Within the data that follows, set down exactly the lines from the one containing "揚(yáng)聲器全自動(dòng)貼背膠機(jī)" through the one containing "6546 Shoup Avenue West Hills, CA 91307", both ends included.

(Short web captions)

┌────────

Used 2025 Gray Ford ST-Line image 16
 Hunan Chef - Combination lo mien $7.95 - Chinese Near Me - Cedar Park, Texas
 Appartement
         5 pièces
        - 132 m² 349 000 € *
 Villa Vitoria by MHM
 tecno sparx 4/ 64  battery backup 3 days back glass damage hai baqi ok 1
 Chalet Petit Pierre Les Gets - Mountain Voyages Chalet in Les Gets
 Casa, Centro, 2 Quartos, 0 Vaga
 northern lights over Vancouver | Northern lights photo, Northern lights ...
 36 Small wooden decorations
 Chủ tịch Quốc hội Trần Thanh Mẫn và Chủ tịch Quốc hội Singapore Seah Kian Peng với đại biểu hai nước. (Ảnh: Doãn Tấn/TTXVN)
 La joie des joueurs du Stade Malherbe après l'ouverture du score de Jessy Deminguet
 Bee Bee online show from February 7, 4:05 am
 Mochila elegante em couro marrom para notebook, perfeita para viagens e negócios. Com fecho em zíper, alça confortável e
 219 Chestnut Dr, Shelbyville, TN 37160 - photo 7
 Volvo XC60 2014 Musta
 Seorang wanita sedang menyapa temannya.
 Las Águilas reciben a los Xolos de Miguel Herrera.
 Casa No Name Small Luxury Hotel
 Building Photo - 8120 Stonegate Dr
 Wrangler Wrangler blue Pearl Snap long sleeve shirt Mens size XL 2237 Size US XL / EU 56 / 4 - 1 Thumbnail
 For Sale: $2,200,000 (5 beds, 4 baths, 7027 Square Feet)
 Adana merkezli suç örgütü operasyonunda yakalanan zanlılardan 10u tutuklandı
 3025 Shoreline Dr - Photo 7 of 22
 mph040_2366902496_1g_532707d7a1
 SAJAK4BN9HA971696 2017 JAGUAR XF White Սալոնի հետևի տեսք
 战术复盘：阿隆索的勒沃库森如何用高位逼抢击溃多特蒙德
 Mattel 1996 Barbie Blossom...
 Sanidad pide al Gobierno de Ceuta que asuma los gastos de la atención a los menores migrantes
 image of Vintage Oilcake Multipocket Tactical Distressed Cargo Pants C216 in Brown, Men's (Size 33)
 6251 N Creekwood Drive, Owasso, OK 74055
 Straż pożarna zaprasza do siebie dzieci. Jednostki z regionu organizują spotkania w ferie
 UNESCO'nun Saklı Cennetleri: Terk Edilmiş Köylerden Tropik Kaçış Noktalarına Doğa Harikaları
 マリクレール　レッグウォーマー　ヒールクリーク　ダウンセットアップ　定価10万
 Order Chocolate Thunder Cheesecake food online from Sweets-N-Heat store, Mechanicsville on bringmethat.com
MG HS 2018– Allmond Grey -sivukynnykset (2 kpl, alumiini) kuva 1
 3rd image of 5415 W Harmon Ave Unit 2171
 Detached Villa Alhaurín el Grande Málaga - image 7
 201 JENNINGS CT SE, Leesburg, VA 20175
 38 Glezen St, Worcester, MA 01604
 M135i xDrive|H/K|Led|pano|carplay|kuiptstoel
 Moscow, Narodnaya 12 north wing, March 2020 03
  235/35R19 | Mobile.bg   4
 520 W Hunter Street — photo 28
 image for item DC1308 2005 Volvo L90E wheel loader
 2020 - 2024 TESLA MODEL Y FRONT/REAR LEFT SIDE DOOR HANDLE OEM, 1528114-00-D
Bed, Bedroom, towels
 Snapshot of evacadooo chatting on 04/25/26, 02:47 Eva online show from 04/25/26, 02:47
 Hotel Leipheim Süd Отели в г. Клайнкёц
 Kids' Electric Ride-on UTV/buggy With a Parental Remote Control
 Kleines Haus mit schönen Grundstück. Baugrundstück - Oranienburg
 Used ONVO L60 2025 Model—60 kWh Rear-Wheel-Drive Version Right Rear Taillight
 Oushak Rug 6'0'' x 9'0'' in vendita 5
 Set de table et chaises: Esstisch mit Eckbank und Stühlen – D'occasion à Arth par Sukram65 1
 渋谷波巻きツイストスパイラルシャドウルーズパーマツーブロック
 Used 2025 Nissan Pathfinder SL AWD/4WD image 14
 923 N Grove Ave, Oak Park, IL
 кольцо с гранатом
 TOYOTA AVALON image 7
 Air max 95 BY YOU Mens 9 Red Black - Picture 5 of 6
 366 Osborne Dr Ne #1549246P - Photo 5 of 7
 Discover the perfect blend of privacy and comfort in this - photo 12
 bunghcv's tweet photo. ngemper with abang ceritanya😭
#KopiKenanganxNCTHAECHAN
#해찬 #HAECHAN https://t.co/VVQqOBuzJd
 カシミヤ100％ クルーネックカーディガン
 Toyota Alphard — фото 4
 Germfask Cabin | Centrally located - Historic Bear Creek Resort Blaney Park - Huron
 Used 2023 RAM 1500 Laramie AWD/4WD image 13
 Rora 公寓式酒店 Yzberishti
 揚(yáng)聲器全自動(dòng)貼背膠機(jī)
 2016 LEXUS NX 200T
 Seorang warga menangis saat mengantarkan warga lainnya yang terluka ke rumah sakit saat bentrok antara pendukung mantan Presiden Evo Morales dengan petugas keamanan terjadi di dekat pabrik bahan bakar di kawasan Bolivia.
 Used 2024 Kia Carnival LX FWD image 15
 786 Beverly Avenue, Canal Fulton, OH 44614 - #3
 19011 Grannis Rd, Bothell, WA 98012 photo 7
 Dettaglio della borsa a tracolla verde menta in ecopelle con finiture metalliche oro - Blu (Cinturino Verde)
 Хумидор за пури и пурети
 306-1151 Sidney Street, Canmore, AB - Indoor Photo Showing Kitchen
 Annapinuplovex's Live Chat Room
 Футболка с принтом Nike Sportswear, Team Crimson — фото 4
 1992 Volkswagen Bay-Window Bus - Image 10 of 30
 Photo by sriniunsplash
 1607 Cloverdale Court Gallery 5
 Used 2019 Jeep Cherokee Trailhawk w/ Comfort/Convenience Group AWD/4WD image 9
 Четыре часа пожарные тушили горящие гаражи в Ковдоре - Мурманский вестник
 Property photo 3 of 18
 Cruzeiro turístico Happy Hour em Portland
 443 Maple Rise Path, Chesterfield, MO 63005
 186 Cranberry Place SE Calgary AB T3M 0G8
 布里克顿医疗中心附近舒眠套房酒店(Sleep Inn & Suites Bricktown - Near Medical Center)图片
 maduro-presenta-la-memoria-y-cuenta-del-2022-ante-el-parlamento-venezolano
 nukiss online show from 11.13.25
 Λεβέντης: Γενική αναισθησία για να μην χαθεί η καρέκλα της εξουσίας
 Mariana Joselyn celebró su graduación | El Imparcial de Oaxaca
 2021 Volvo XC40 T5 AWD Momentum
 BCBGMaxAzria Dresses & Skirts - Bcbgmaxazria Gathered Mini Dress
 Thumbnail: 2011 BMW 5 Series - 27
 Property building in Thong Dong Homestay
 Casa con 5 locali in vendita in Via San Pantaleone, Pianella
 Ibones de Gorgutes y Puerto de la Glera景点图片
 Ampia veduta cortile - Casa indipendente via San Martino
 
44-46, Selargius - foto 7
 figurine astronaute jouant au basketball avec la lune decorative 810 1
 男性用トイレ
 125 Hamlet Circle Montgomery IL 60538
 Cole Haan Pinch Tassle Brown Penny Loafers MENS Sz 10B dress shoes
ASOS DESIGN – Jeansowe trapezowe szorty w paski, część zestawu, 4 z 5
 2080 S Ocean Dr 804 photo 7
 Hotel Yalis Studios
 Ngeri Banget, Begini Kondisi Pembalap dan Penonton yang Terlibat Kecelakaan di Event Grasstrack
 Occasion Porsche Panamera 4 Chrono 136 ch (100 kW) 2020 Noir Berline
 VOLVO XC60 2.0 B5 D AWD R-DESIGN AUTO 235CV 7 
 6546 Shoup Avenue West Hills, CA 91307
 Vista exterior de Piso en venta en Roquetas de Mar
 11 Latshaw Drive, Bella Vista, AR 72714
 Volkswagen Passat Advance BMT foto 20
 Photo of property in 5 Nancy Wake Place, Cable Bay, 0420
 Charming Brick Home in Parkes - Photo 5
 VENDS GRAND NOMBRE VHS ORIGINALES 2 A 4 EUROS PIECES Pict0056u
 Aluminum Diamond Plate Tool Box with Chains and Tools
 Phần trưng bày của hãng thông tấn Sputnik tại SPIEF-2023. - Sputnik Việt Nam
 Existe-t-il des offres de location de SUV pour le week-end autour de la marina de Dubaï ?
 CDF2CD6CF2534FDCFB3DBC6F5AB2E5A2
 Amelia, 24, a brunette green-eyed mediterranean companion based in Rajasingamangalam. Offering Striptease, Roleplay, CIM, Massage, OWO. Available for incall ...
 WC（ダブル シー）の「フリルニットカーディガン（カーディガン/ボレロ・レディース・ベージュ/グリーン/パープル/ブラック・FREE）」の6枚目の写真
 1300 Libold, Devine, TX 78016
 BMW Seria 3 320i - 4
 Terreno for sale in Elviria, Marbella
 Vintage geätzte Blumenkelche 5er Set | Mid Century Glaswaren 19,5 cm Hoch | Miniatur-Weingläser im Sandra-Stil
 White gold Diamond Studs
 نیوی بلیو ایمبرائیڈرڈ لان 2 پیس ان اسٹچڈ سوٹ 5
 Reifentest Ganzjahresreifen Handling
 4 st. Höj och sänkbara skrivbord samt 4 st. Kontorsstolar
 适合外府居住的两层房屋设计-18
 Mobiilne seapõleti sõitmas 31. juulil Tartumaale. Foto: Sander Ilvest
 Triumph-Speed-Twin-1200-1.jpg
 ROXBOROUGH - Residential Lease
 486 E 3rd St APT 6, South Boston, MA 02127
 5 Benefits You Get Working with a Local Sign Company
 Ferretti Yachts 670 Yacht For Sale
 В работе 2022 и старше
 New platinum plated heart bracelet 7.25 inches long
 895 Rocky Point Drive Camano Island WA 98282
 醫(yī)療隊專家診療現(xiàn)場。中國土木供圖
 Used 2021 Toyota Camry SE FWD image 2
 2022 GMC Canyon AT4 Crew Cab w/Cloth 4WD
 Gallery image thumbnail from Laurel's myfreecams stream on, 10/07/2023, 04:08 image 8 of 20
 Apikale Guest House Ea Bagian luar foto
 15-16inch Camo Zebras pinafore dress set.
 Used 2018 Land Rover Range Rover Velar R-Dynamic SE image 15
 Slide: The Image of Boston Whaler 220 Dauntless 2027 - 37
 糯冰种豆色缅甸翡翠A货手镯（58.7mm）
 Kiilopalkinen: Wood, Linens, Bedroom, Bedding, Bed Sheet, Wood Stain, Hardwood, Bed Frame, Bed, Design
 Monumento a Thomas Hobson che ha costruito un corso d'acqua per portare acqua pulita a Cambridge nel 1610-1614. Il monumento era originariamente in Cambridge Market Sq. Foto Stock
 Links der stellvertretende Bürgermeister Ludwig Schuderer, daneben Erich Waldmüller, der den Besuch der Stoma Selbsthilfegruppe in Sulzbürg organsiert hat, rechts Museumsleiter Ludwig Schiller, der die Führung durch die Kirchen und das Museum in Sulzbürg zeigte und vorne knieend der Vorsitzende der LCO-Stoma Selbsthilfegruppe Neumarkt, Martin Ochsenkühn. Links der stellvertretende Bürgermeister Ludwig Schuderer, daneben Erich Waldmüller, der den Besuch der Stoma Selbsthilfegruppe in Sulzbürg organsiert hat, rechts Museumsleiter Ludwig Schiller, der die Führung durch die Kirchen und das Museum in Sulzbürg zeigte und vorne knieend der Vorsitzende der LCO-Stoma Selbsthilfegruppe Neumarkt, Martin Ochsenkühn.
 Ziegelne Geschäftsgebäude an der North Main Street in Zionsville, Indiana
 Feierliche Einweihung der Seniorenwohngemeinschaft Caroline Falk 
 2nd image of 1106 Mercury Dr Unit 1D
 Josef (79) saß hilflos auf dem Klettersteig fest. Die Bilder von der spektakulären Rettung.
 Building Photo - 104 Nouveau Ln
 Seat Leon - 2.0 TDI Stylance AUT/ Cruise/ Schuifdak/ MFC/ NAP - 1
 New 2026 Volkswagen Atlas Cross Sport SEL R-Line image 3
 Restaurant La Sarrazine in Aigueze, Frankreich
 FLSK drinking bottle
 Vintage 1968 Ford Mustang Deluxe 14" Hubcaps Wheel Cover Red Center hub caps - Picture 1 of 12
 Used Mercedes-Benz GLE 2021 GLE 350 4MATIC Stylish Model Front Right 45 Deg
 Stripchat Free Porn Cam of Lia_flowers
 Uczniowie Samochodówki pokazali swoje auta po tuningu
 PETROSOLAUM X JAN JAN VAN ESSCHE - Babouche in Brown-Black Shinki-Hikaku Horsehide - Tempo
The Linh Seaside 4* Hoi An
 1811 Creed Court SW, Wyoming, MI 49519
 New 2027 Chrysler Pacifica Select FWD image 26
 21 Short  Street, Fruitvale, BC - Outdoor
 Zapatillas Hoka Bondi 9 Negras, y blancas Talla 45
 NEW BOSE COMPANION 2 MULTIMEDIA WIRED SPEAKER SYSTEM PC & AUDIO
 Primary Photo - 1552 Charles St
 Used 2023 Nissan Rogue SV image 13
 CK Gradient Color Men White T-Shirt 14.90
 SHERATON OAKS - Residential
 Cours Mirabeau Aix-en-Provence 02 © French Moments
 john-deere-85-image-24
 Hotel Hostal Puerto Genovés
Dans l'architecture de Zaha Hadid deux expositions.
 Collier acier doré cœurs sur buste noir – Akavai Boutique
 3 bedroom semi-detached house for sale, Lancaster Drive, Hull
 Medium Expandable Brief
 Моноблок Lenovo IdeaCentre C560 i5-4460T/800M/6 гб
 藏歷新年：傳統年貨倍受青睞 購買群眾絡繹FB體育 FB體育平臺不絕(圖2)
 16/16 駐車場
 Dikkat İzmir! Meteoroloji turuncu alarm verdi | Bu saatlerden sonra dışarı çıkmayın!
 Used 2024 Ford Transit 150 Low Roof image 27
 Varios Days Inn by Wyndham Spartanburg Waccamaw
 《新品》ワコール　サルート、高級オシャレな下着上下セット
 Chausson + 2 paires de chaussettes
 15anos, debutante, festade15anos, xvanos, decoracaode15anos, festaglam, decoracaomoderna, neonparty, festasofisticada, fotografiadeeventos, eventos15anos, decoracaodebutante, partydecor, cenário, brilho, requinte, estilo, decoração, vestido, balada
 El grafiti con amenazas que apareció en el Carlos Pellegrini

└────────

**OUTPUT FOR THIS EXERCISE:**
 揚(yáng)聲器全自動(dòng)貼背膠機(jī)
 2016 LEXUS NX 200T
 Seorang warga menangis saat mengantarkan warga lainnya yang terluka ke rumah sakit saat bentrok antara pendukung mantan Presiden Evo Morales dengan petugas keamanan terjadi di dekat pabrik bahan bakar di kawasan Bolivia.
 Used 2024 Kia Carnival LX FWD image 15
 786 Beverly Avenue, Canal Fulton, OH 44614 - #3
 19011 Grannis Rd, Bothell, WA 98012 photo 7
 Dettaglio della borsa a tracolla verde menta in ecopelle con finiture metalliche oro - Blu (Cinturino Verde)
 Хумидор за пури и пурети
 306-1151 Sidney Street, Canmore, AB - Indoor Photo Showing Kitchen
 Annapinuplovex's Live Chat Room
 Футболка с принтом Nike Sportswear, Team Crimson — фото 4
 1992 Volkswagen Bay-Window Bus - Image 10 of 30
 Photo by sriniunsplash
 1607 Cloverdale Court Gallery 5
 Used 2019 Jeep Cherokee Trailhawk w/ Comfort/Convenience Group AWD/4WD image 9
 Четыре часа пожарные тушили горящие гаражи в Ковдоре - Мурманский вестник
 Property photo 3 of 18
 Cruzeiro turístico Happy Hour em Portland
 443 Maple Rise Path, Chesterfield, MO 63005
 186 Cranberry Place SE Calgary AB T3M 0G8
 布里克顿医疗中心附近舒眠套房酒店(Sleep Inn & Suites Bricktown - Near Medical Center)图片
 maduro-presenta-la-memoria-y-cuenta-del-2022-ante-el-parlamento-venezolano
 nukiss online show from 11.13.25
 Λεβέντης: Γενική αναισθησία για να μην χαθεί η καρέκλα της εξουσίας
 Mariana Joselyn celebró su graduación | El Imparcial de Oaxaca
 2021 Volvo XC40 T5 AWD Momentum
 BCBGMaxAzria Dresses & Skirts - Bcbgmaxazria Gathered Mini Dress
 Thumbnail: 2011 BMW 5 Series - 27
 Property building in Thong Dong Homestay
 Casa con 5 locali in vendita in Via San Pantaleone, Pianella
 Ibones de Gorgutes y Puerto de la Glera景点图片
 Ampia veduta cortile - Casa indipendente via San Martino
 
44-46, Selargius - foto 7
 figurine astronaute jouant au basketball avec la lune decorative 810 1
 男性用トイレ
 125 Hamlet Circle Montgomery IL 60538
 Cole Haan Pinch Tassle Brown Penny Loafers MENS Sz 10B dress shoes
ASOS DESIGN – Jeansowe trapezowe szorty w paski, część zestawu, 4 z 5
 2080 S Ocean Dr 804 photo 7
 Hotel Yalis Studios
 Ngeri Banget, Begini Kondisi Pembalap dan Penonton yang Terlibat Kecelakaan di Event Grasstrack
 Occasion Porsche Panamera 4 Chrono 136 ch (100 kW) 2020 Noir Berline
 VOLVO XC60 2.0 B5 D AWD R-DESIGN AUTO 235CV 7 
 6546 Shoup Avenue West Hills, CA 91307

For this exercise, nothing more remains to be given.